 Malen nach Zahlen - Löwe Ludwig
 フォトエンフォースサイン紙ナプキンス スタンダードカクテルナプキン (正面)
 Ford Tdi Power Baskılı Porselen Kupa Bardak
===
From first line to last, transcribe the material exactly.

◆ Answer space ◆
 Malen nach Zahlen - Löwe Ludwig
 フォトエンフォースサイン紙ナプキンス スタンダードカクテルナプキン (正面)
 Ford Tdi Power Baskılı Porselen Kupa Bardak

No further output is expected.